3. Build Readership by Recognizing It’s All about Your Readers
When Jennifer Weiner learned Best Friends Forever had hit #1 on The New York Times best-seller list, what was the first thing she did? Tweeted and Facebooked to thank her truly best friends who had bought the book and told their friends about it.
4. Build Readership by Being Thoughtful and Intentional about What You Post Online
I’ve heard many writers say, “Don’t tell me to use Twitter or Facebook. I don’t have anything to say. And no one cares what I ate for breakfast.” Oh, yeah? It all depends on what you have to say about your breakfast.
One of my favorite people to follow is Patsy Clairmont because she can write the most beautifully phrased, thought-provoking ideas in 140 characters. But other days she’ll set off a round of giggles for me with her tweet, such as confessing she had pumpkin pie for breakfast, but it was okay because she added whipped cream as her dairy product.
Yesterday she showed off her humor as well as her writing skills when she tweeted: “How long has it been since you whistled a happy song? Mine sounded like a seal with bronchitis. This will take practice. Don raincoats!”
I never know what to expect from her–except that reading her tweets is rewarding.
What Works for Me
For me, I’m very conscious of using Twitter and Facebook to convey info about our agency, my agenting, or our clients. When I decide what to write, I give it some thought rather than dashing off the first thing that occurs to me.
I try to be a resource by linking to mind-expanding articles about publishing’s future or providing publishing news or career helps. Those comments receive a lot of retweets or shares.
But, if I want to generate comments, I’ll write something like: “Don’t you hate it when you sneeze right after you’ve applied your mascara? Thus began my morning.” Or one day I announced I was heading off for a pedicure, and when I returned to my computer, I tweeted and Facebooked the name of the polish I had chosen: I’m Not a Waitress. I wondered in my comment how that name was chosen.
Theories on the rationale behind the name immediately appeared from my followers. Why? It was something personal they could connect with. Social networking really is about making those personal connections, and personal connections translate into readers or business partners. It’s a beautiful thing. And all for free.
5. Build Readership by Not Hesitating to Imitate
Think about which individuals, magazines, or other brands whose online comments you especially enjoy reading. Analyze why. What are they doing that you can borrow and give it a twist to make it a reflection of who you are?
We have such powerful tools available to us that cost us mostly in terms of creativity rather than dollars. It’s up to us to use them well.
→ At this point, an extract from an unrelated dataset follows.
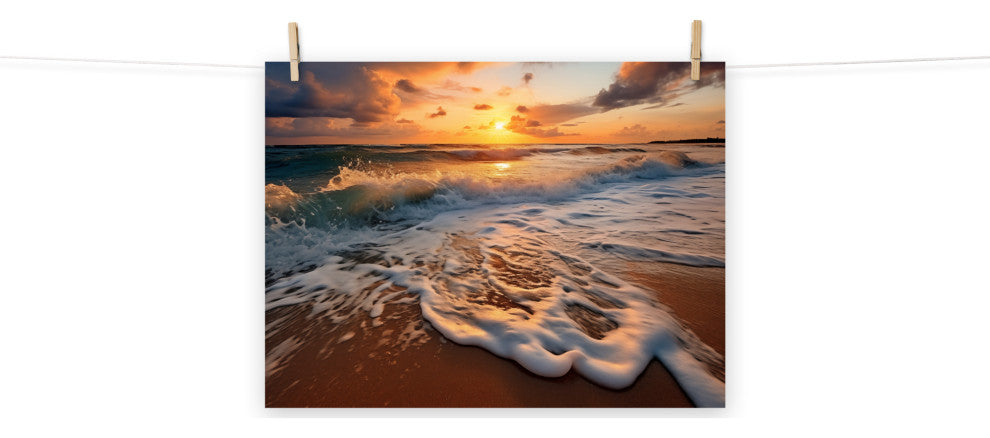 Coastal Artwork: California Dreamin' Photorealistic Digital Art Loose, 18" X 24"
Question: What creative idea have you employed that reaped surprising results? Or maybe you’ve heard of someone else’s success…
5 ways to grow your readership. Click to tweet.
5 free ways to connect with your potential readers. Click to tweet.
These are really great ideas, Janet. What a wonderful way to start a week (and as I write this the Cubs are leading 3-1, so it’s even better!).
* The main thing I do to generate and I hope hold readership is being honest, even when it hurts. There are days I have hated what I had to say on my blog, but the alternative – sugarcoating an ugly situation and sweetening my sometimes ugly response to life – is kind of unthinkable. It happens for everyone, that sometimes you;re the dog and sometimes you’re the hydrant, and I don’t want to let those on the receiving end of the golden stream feel alone. (So I guess I’m being ‘winsome’…you win some, you lose some…)
* The second thing I do is try to answer every comment thoughtfully, with substance – and I use the commenter’s name in the first few words to let them know I am addressing them personally.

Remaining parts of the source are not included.